Since I did not run a fecal sample on Annette before giving the herd the Positive Pellet medicated feed at the beginning of the month, I cannot know how many, if any, worms were knocked out of her using that particular deworming medication. Bad farmer, I know. But now I have a baseline for "Before Ivomec" and will run another fecal on her in a few days and see if there is any noticeable difference. Ivomec claims that it will remove all types of stomach worms, but I have also read that an older type of wormer, Levamisole, is supposed to be able to knock out drug resistant worms and if her fecal shows up with lots of worm eggs again, I'll use that on her.
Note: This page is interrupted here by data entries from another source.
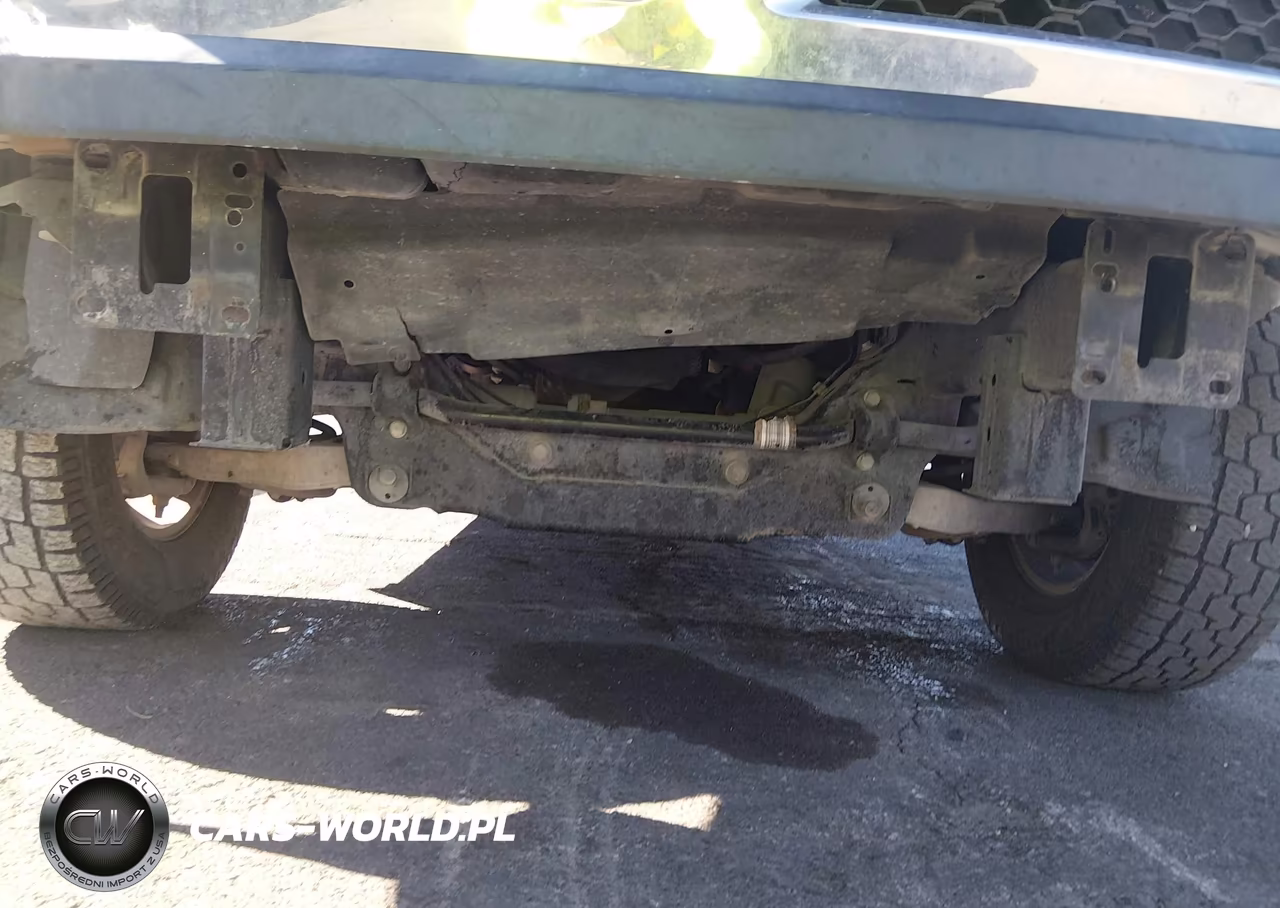 2014 Ram 1500 Tradesman VIN:1C6RR6FG2ES101399 - 6
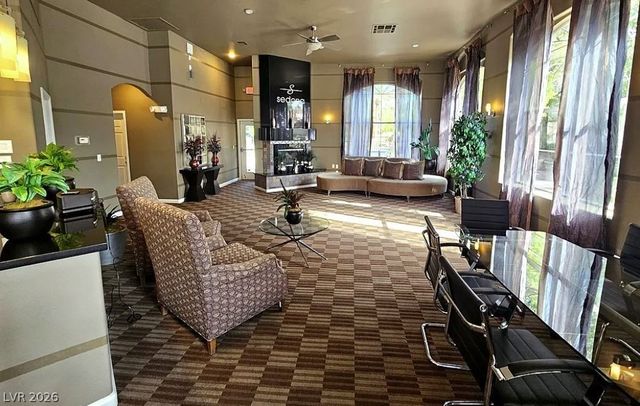 9000 Las Vegas Boulevard 1047, Las Vegas, NV 89123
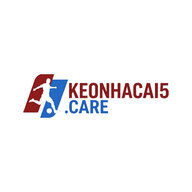 keonhacai5care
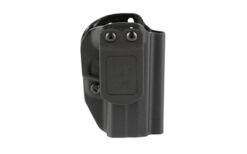 MFT IWB HLSTR P365 XMACRO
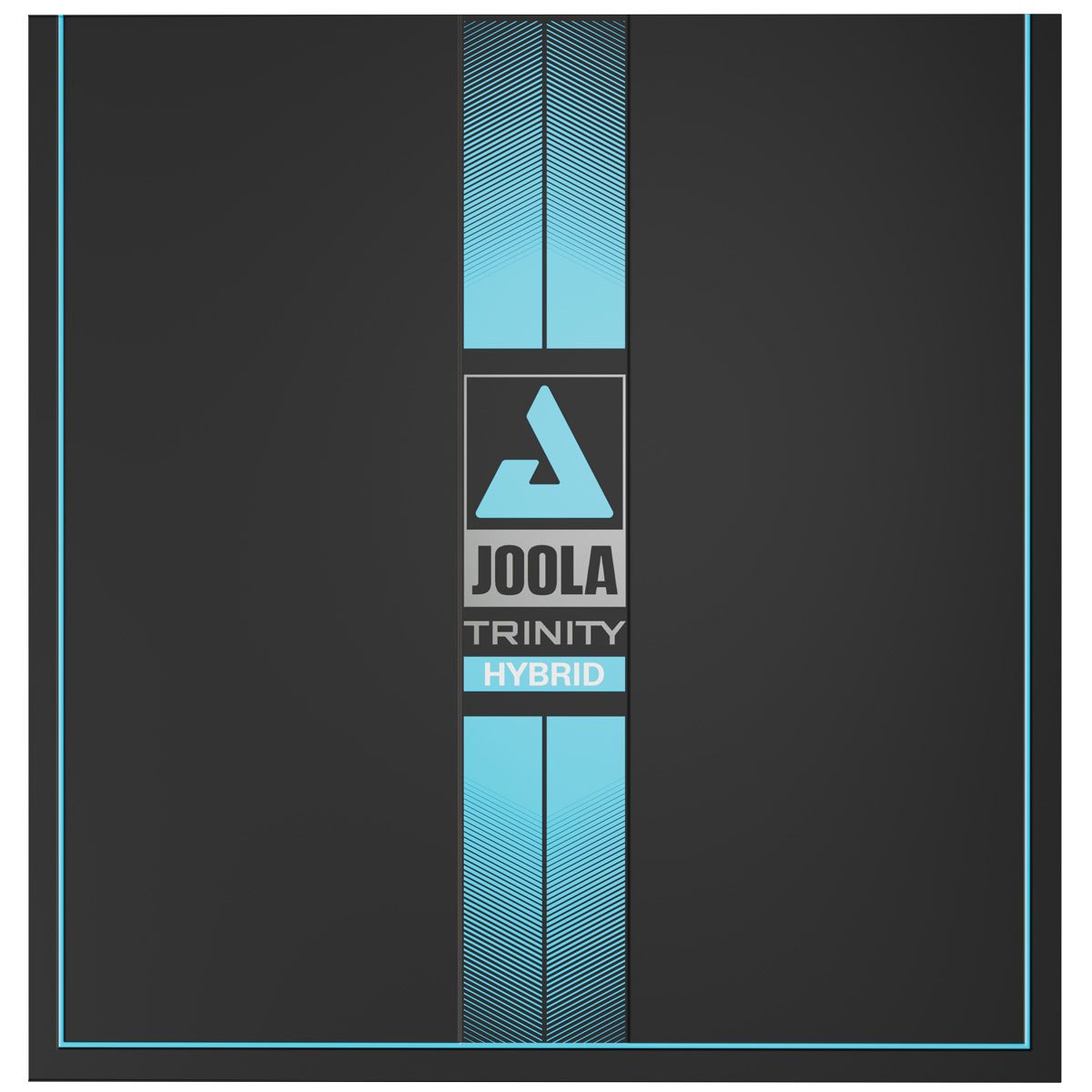 Joola トリニティ ヒューゴ・カルデラノ ダイナミック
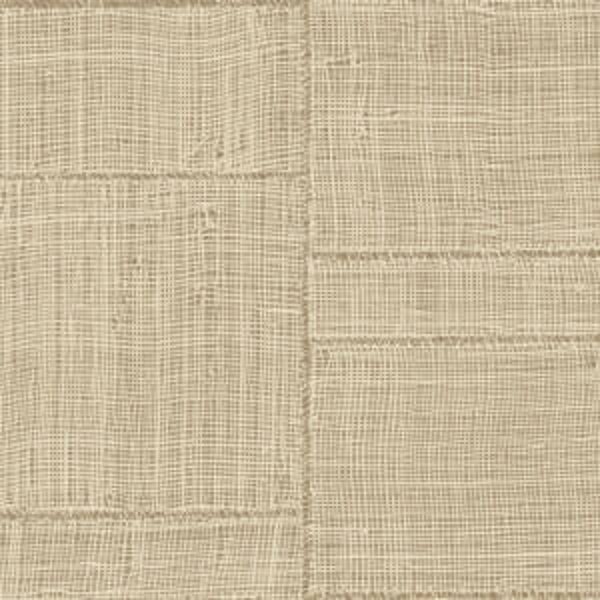 ARTE Cameo Twine 66063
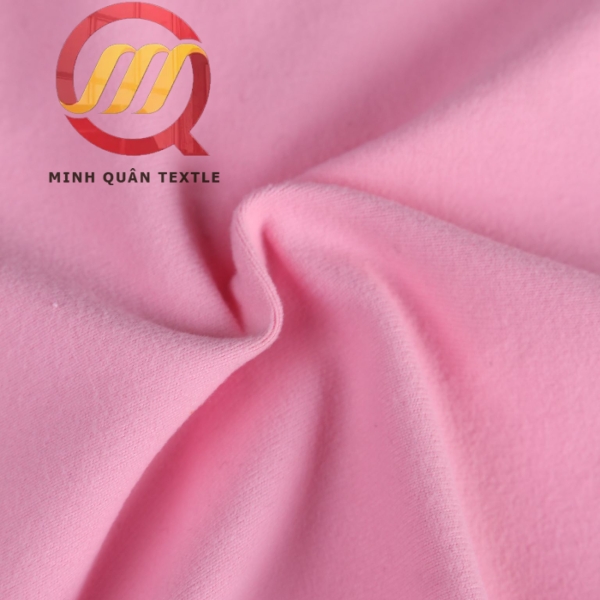 Cotton Tuyết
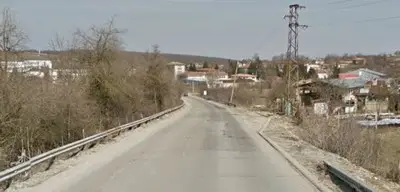 Трима загинаха, а четирима други са ранени при катастрофа на пътя Шумен-Силистра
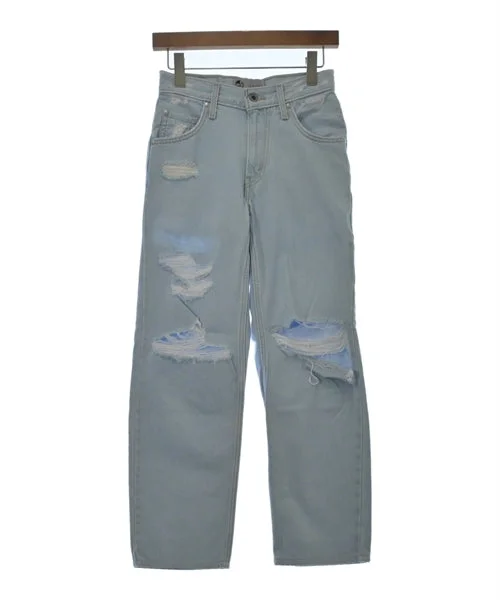 Levi's Jeans Comfortable Stretch Fit Jeans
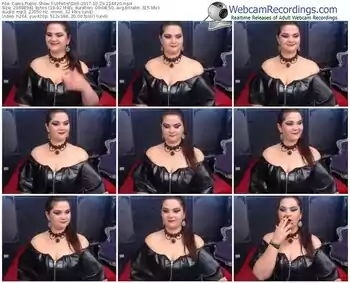 cams-urfetishdoll-webcam-show-10_29_2017-22_44_20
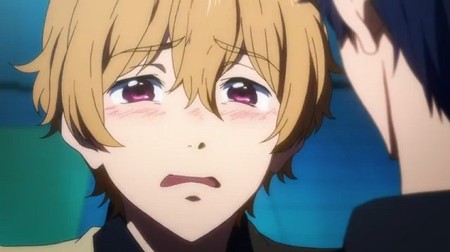 nagisa-e10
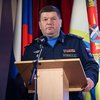 Двох генералів московської ППО арештували за корупцію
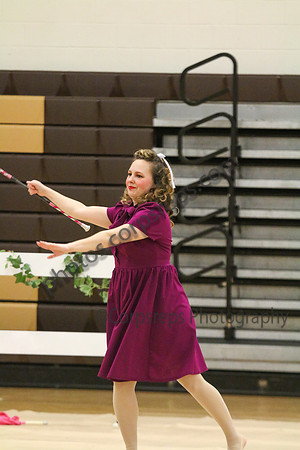 Salisbury Senior Twirlers_260328_Catasauqua-JSB01591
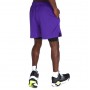 Шорти баскетбольні чоловічі Nike Los Angeles Lakers Men's Nike NBA Basketball Shorts (DN4629-504) Шорти баскетбольні чоловічі Nike Los Angeles Lakers Men's Nike NBA Basketball Shorts (DN4629-504)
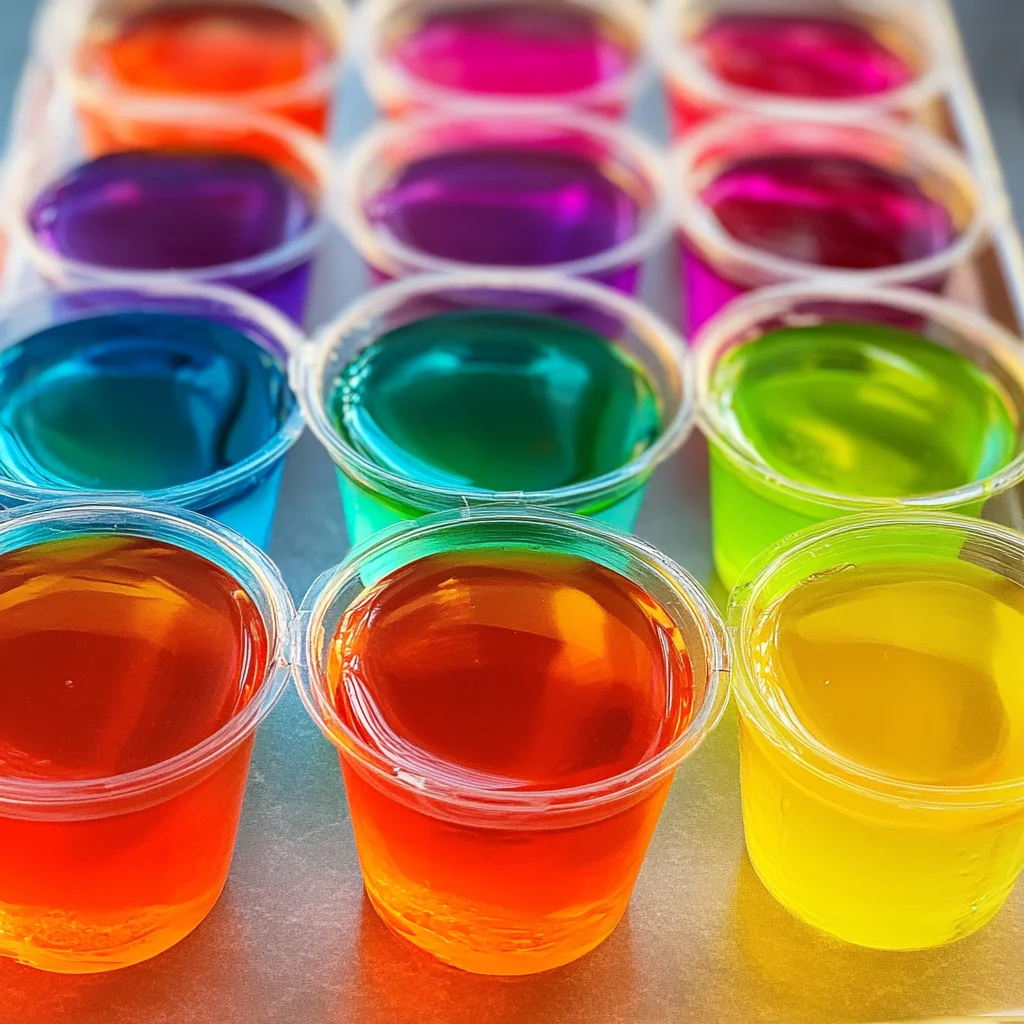 Jello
Besides doing fecal floats, I occasionally check the eyelids of my herd. There is a color chart called FAMANCHA that gives you an idea of what the inner bottom eyelid should look like color-wise. If it is pale (or white!) that means you probably have a heavy worm load. This is because the parasites / worms literally drain all the red blood cells out of your goat and the normally pink pigment in the eyelid will be missing because of the nasties sucking it out of your goat, making the goat severely anemic. Having said that about the FAMANCHA chart, I will say that I do not own one (it's just a little plastic card with the colors on them). When first hearing about this method of checking for worm loads, I went out to my herd and almost fell over when I checked Nettie's color. It was pale pink. I immediately went berserk and wormed her. Then after a while, I realized that I should have been checking the eyelids on a regular basis to establish a baseline. Nettie just has paler eyelids than the rest of my goats, and after doing some internet searching found out that many other people said their white goats had paler eyelids than the rest of their darker coated herd mates. There are also other signs of a high worm load such as reduced milk production, dull coat, diarrhea and in extreme cases, bottle jaw (lower jaw becomes swollen).
None of my goats are currently having any symptoms, but since I've got a saline solution ready and the microscope out I'm going to bundle up and go out to the goat pen to ollect samples from my Boer gals and see how they are doing.